## AIM OF THE EXERCISE
Work through the listing below and give again exactly the lines from the one with "PETZL Bindi Headlamp" to the one with "Cheap Louis Vuitton", both ends included. All other lines and all pictures stay out.

## ENTRIES SUPPLIED

*** Begin section ***

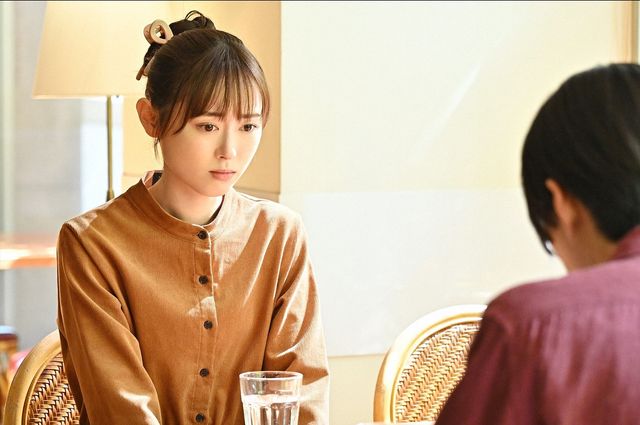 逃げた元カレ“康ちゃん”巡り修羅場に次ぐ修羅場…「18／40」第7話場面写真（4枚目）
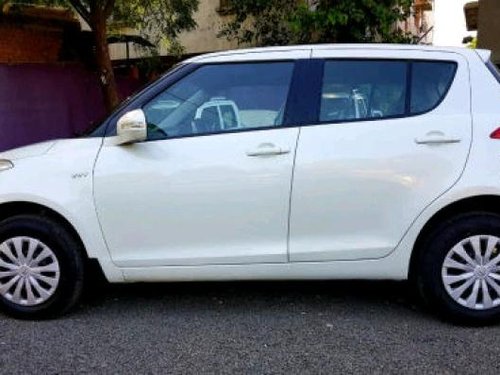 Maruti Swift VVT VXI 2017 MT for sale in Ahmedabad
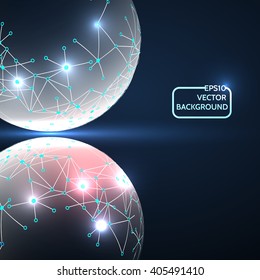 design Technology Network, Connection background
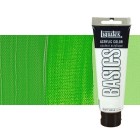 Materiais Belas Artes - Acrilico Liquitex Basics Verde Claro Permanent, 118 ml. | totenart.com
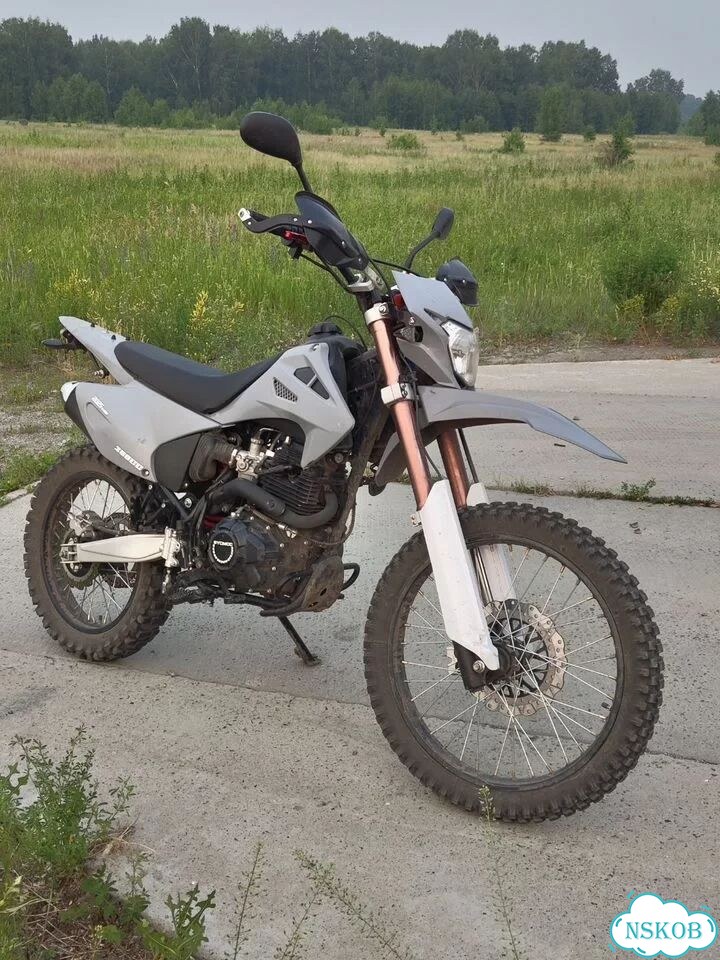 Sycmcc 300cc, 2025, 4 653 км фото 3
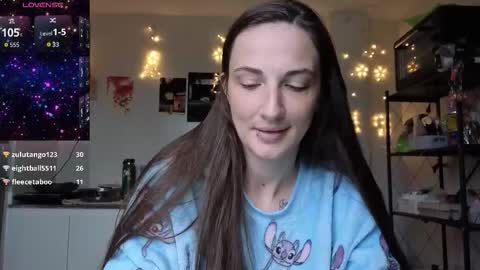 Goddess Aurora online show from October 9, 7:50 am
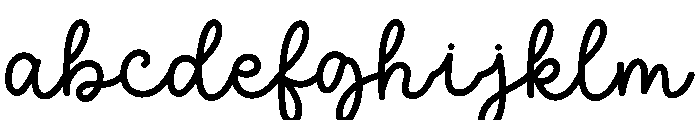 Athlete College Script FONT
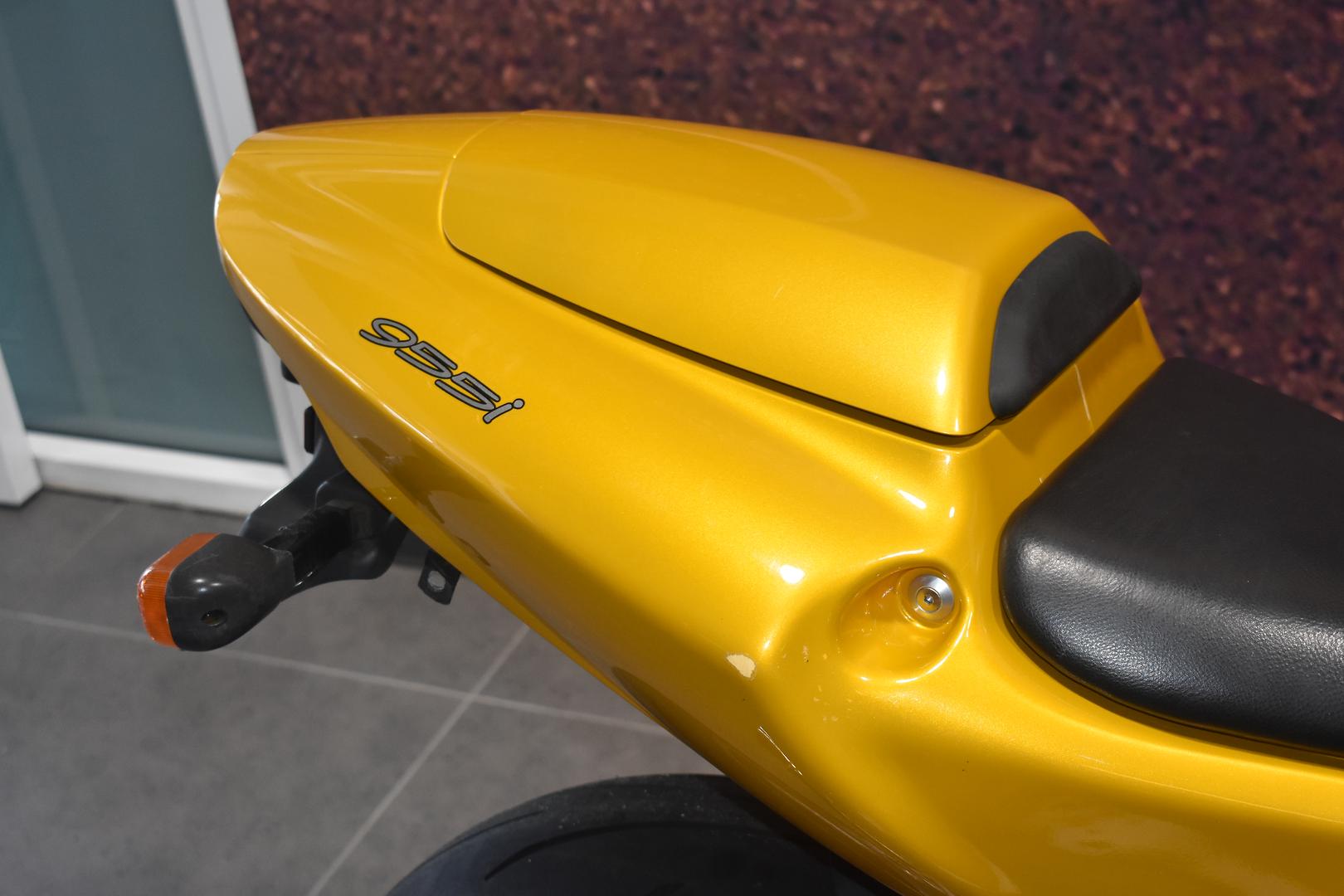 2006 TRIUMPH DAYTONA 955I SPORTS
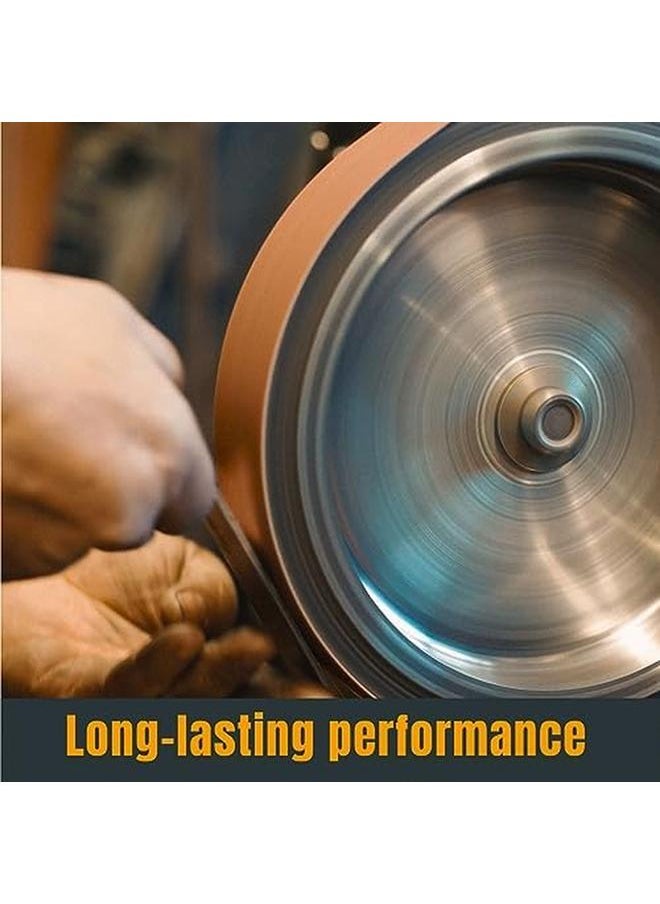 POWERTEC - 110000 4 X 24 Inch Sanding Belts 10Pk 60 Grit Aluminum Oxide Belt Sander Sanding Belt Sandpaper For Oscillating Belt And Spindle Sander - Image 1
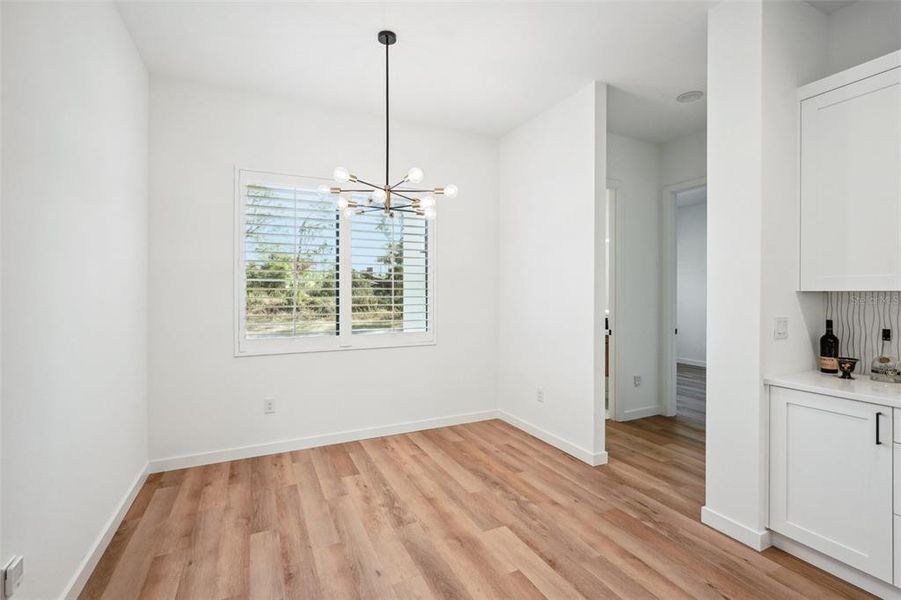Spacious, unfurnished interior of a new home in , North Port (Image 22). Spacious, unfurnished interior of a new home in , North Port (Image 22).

*** End section ***
*** Begin section ***

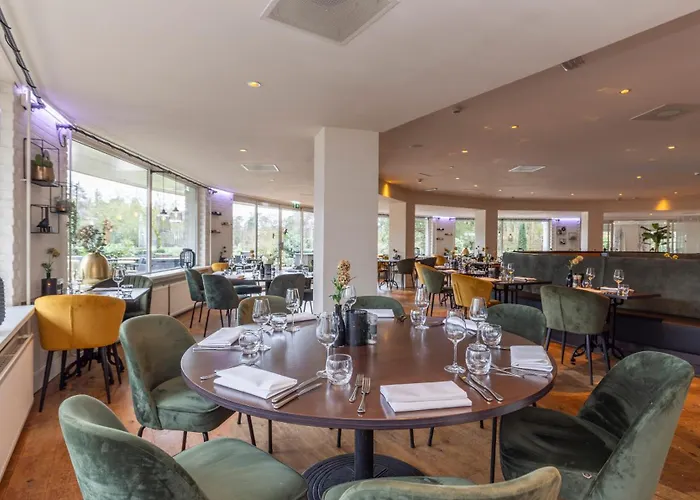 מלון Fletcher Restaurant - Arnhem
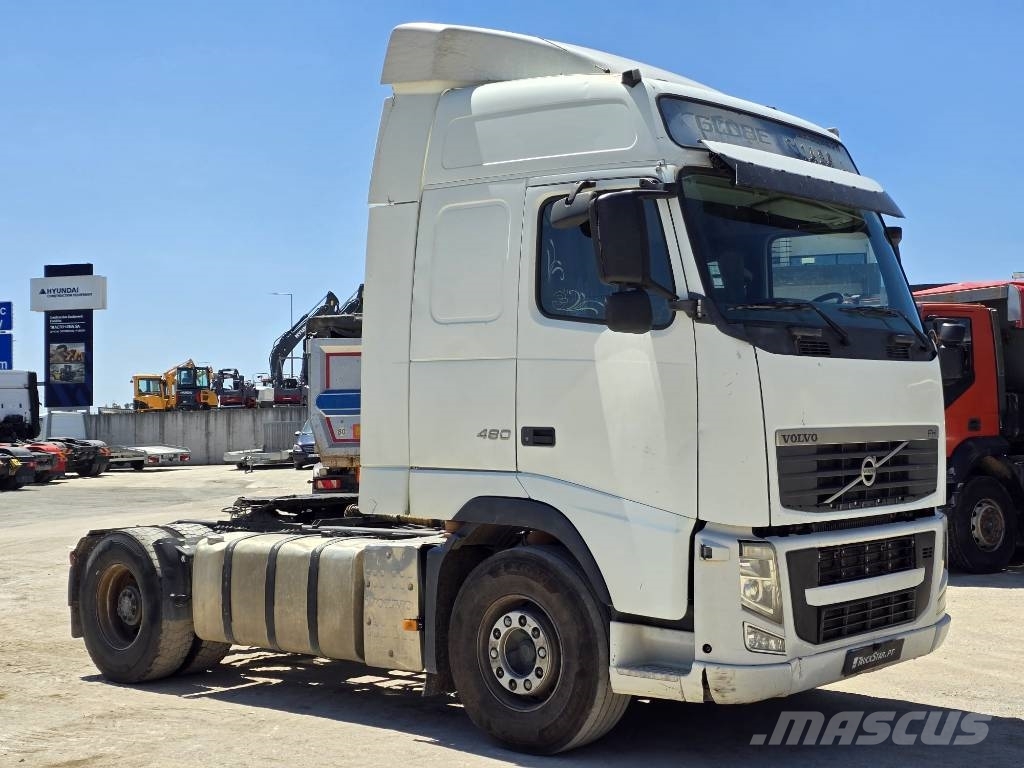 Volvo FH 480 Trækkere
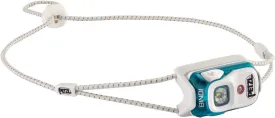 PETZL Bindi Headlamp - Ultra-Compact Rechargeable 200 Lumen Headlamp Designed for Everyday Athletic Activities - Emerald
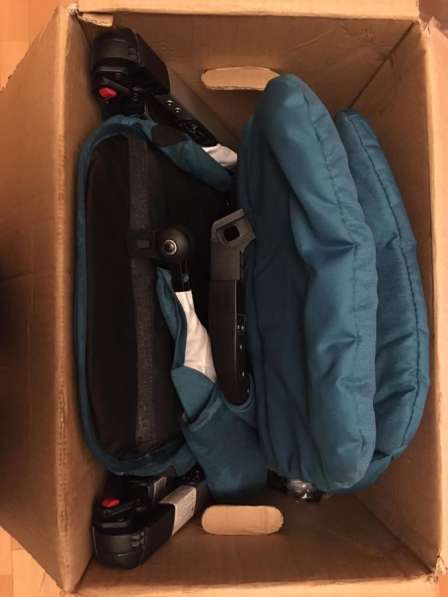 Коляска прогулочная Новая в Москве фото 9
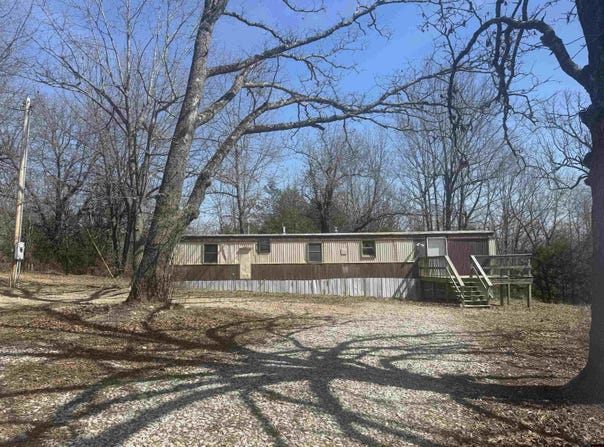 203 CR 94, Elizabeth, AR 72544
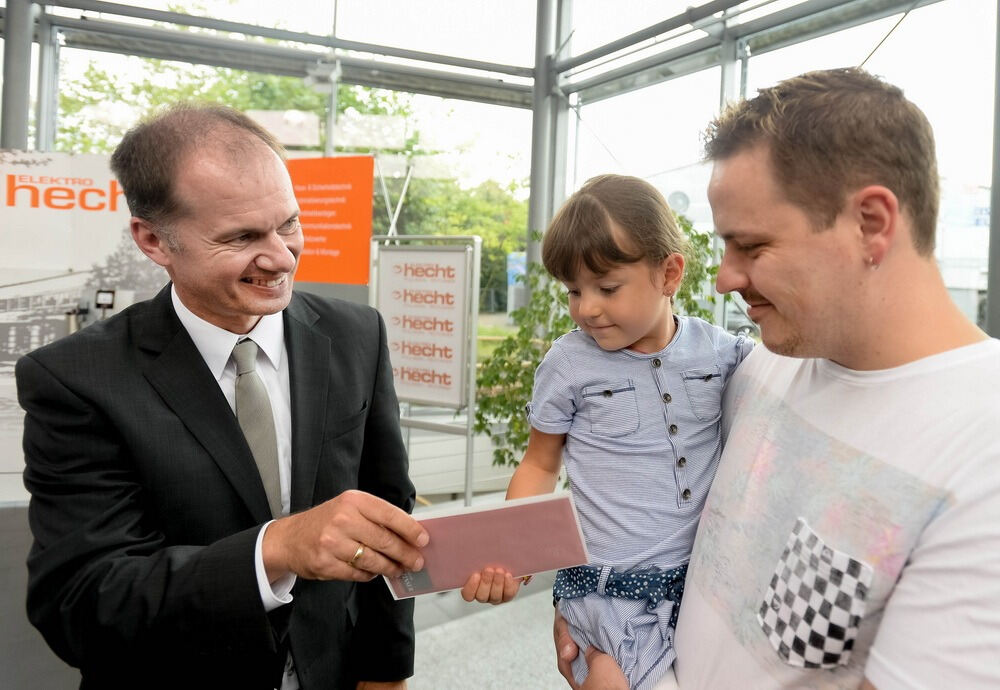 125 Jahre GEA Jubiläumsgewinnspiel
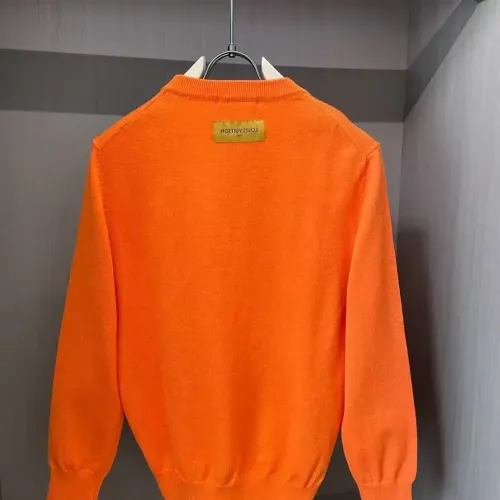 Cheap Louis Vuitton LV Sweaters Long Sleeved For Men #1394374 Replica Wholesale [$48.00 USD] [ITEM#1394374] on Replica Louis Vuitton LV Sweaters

*** End section ***

## RESPONSE AREA
 PETZL Bindi Headlamp - Ultra-Compact Rechargeable 200 Lumen Headlamp Designed for Everyday Athletic Activities - Emerald
 Коляска прогулочная Новая в Москве фото 9
 203 CR 94, Elizabeth, AR 72544
 125 Jahre GEA Jubiläumsgewinnspiel
 Cheap Louis Vuitton LV Sweaters Long Sleeved For Men #1394374 Replica Wholesale [$48.00 USD] [ITEM#1394374] on Replica Louis Vuitton LV Sweaters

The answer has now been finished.